The implementation of new anti-LGBTQ+ legislation is a crisis for LGBTQ+ citizens of that country. We have seen time and time again how new laws result in an influx of LGBTQ+ refugees to Canada. The federal government should be ready and able to respond to these crises as they occur

Fund and mandate LGBTQ+ Understanding in the Settleement Sector

Increasing the capacity of the broader settlement and refugee sector is essential to ensuring that LGBTQ+ refugees get the support that they need and deserve. Funding and mandating LGBTQ+ awareness and capacity building within the settlement sector will help ensure that refugees, wherever they turn to support, are met in an affirming and positive manner.

More Support for Asylum Seekers

90% of LGBTQ+ asylum seekers are successful in their claims. Setting them up for success from the start through enhanced supports and reduced processing times is key to ensuring LGBTQ+ refugees can settle successfully.

Enhance training and understanding within the Refugee System

Establish that areas of refugee protection, resettlement, and settlement can deliver services that are safe and responsive to Sexual Orientation, Gender Identity, Expression and Sex Characteristics (SOGIESC). In particular, overseas visa officers and Pre-removal Risk Assessment (PRRA) officers require enhanced SOGIESC responsive training, followed by evaluation.

Ensure all LGBTQ+ refugees as well as refugee claimants are well supported in communities of arrival, with legal, shelter and housing, social and healthcare needs met.

The scarcity of affordable housing and inadequate shelter spaces has particularly dangerous implications for LGBTQ+ refugee claimants and newcomers.
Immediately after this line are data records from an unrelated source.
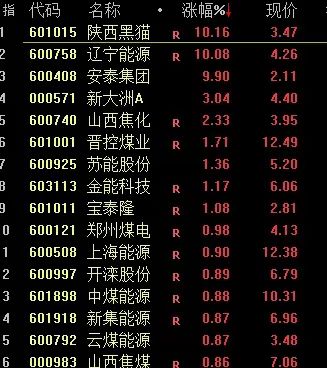 30股受融资客青睐，净买入超亿元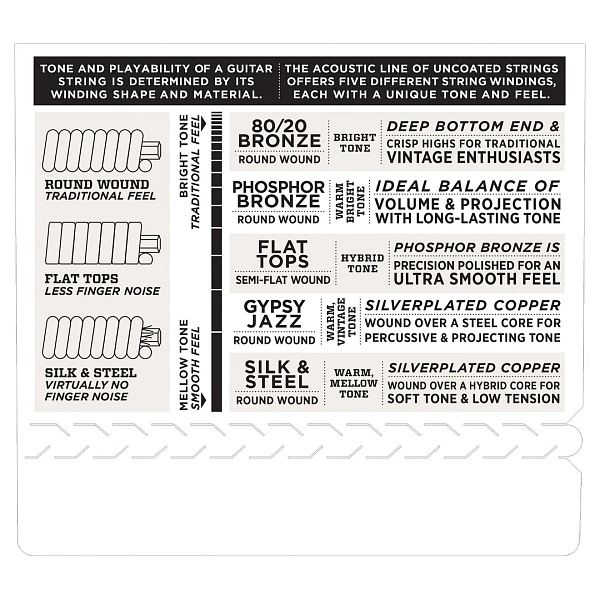 Струны для акустической гитары D'Addario EZ930 13-56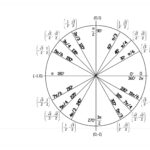 42 Printable Unit Circle Charts Diagrams Sin Cos Tan Cot Etc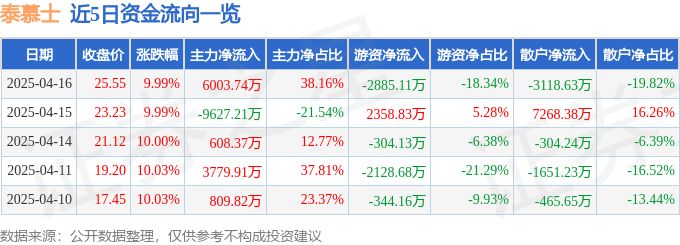 4月16日泰慕士涨停：纺织服装，优化生育（三孩）概念热股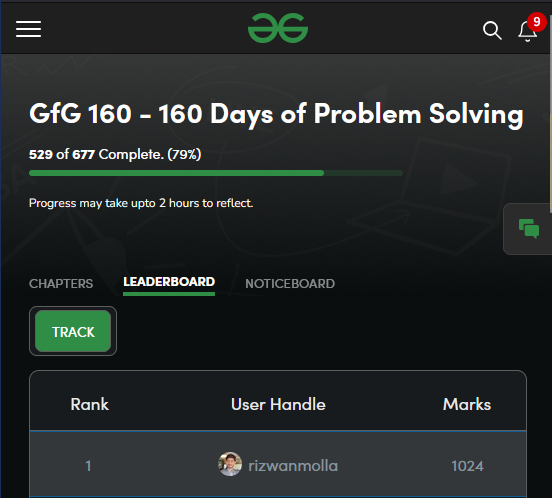 MdRizwanMolla's tweet photo. ✅ The GFG 160 Journey Came to an End! ✅

160 days, 246 problems, and countless hours of growth.

Grateful to @geeksforgeeks for the motivation and support.

Onward to the next challenge! 💻💪

Solutions : https://t.co/YUaempLjcf

#GfG160 #DSA #geekstreak2024 #geekstreak2025 https://t.co/MkoHRtE2f9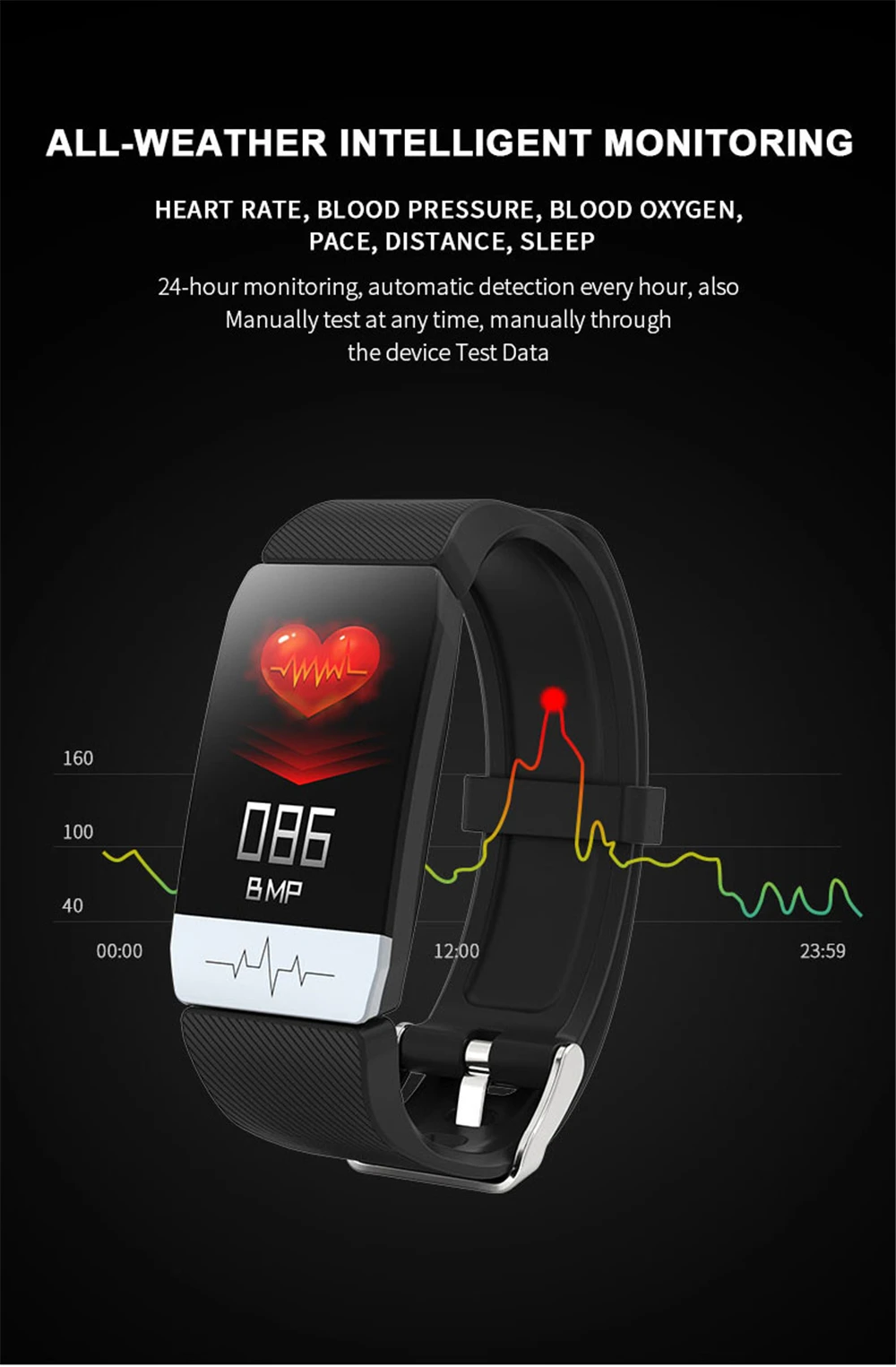 Lerbyee Q1S ECG Смарт-часы 1,14 дюймов Большой цветной экран профессиональный монитор сердечного ритма и артериального давления фитнес-трекер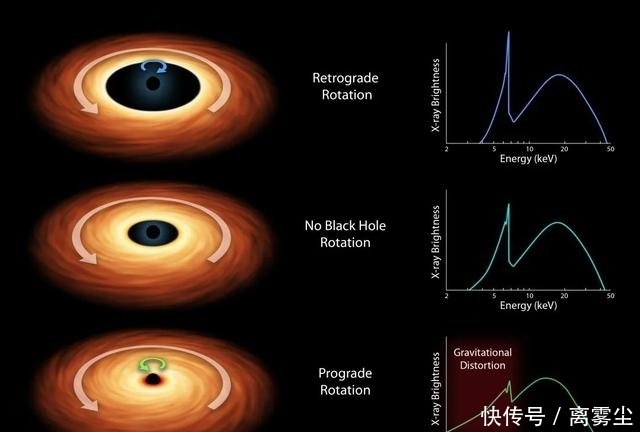 十年前我们测量了一个黑洞,现在发现当年“小看”了它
Supporting LGBTQ+ refugee claimants during their application, ensuring they have access to legal aid regardless of province and hastening their access to work permits will have positive long term impacts on their settlement outcomes. We advocate reducing access barriers for refugee claimants while funding collaborations among 2SLGBTQ+ civil society and the settlement sector.
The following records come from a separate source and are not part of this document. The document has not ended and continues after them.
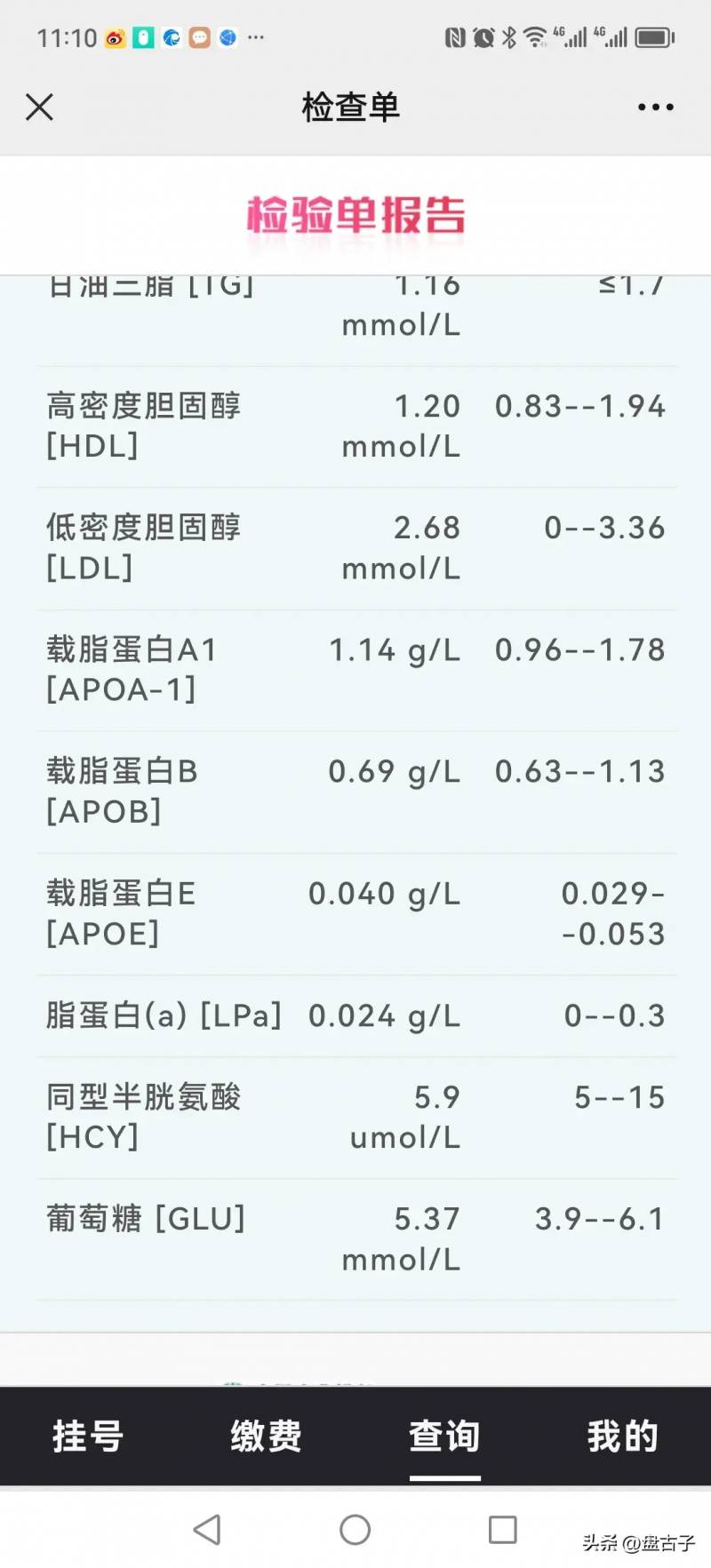 华堂宁多格列艾汀片效果怎么样？患者真实体验与专业评测解析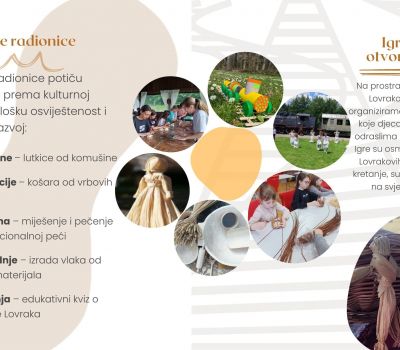 Ponuda Kulturnog centra “Mato Lovrak”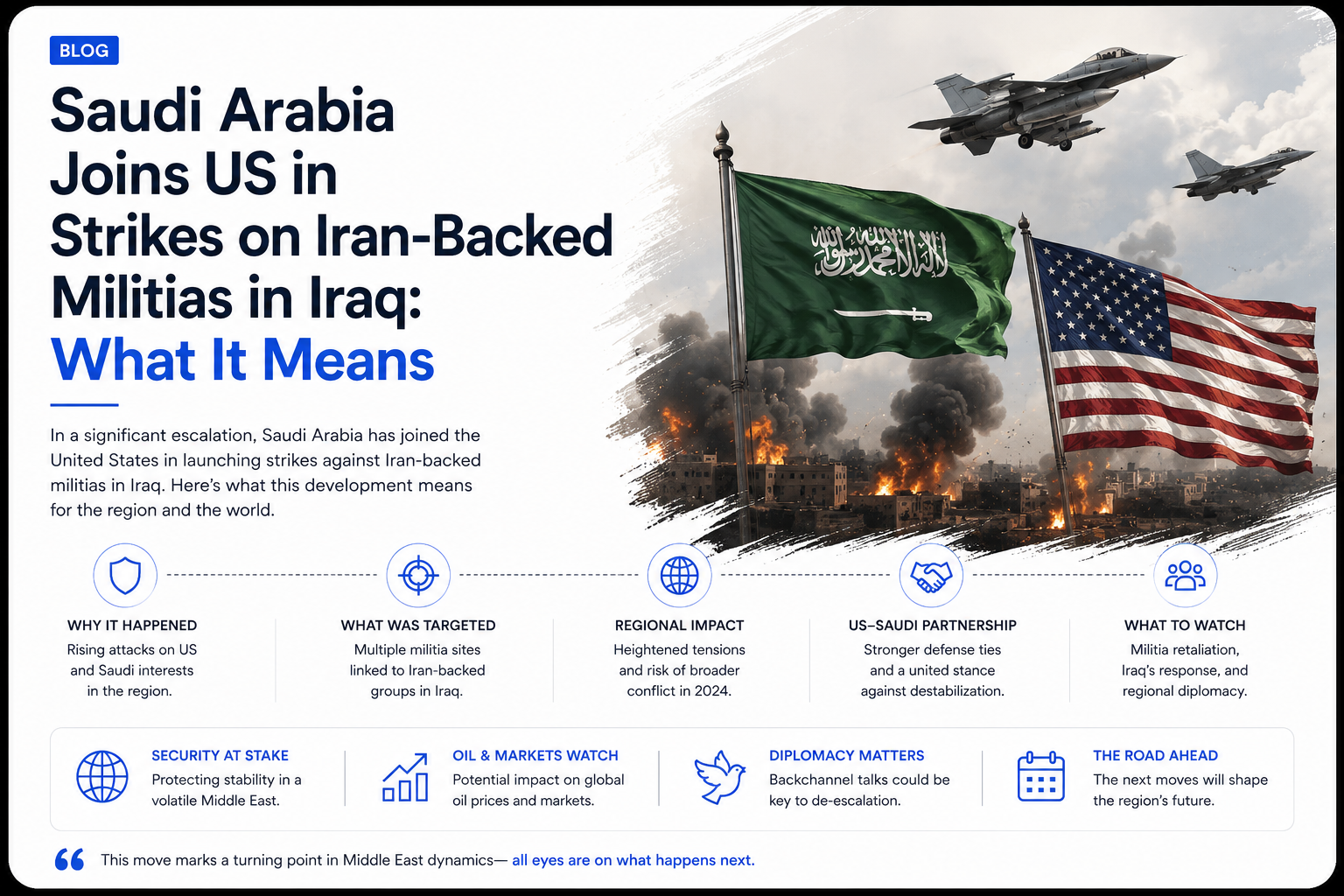 Saudi Arabia Joins US in Strikes on Iran-Backed Militias in Iraq: What It Means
Expand IFHP coverage to include gender-affirming care

Gender affirming care is life saving care. But many gender-affirming surgeries and procedures are not covered by the Interim Federal Health Plan. Trans and gender diverse refugees deserve access to equitable and affirming care. The IFHP should reflect that.

How The 519 is responding

Everyone belongs at The 519 – including LGBTQ+ refugees. For many of them, The 519 is the first touchpoint for community, safety, and affirmation – the first place they can dream of finally living more authentically. As the largest and one of the very few LGBTQ+ -specific settlement services in Canada, The 519 provides unique wrap-around support to LGBTQ+ newcomers and refugees, providing one-on-one case support and settlement services to community members looking to rebuild their lives where it’s safe. Over the past few months:

  • We mobilized our communities to donate essential supplies and prepared 1,200 welcome kits for LGBTQ+ refugee claimants.
  • We redeployed all our staff in February 2024 to complete 1,000+ intakes for an event called Love In Action, our largest number of on-the-spot intakes for new refugee claimants. We also provided meals, referrals, and other essentials.
  • We continue to provide temporary housing and program supports to LGBTQ+ refugees at Pacewood, our shelter dedicated to 2SLGBTQ+ adult refugees.
  • Our programs and services like the Among Friends Refugee Support Program, the Mock Hearing Program, the LGBTQ+ Refugee Legal Clinic, FUEL, and more help refugee claimants with things like wayfinding, legal processes, friendship and community.

How you can help

The experiences of refugees are human experiences. They impact us all. The current climate of the world reminds us that LGBTQ+ refugees have no time to wait. The time for action is now, and you can support that work.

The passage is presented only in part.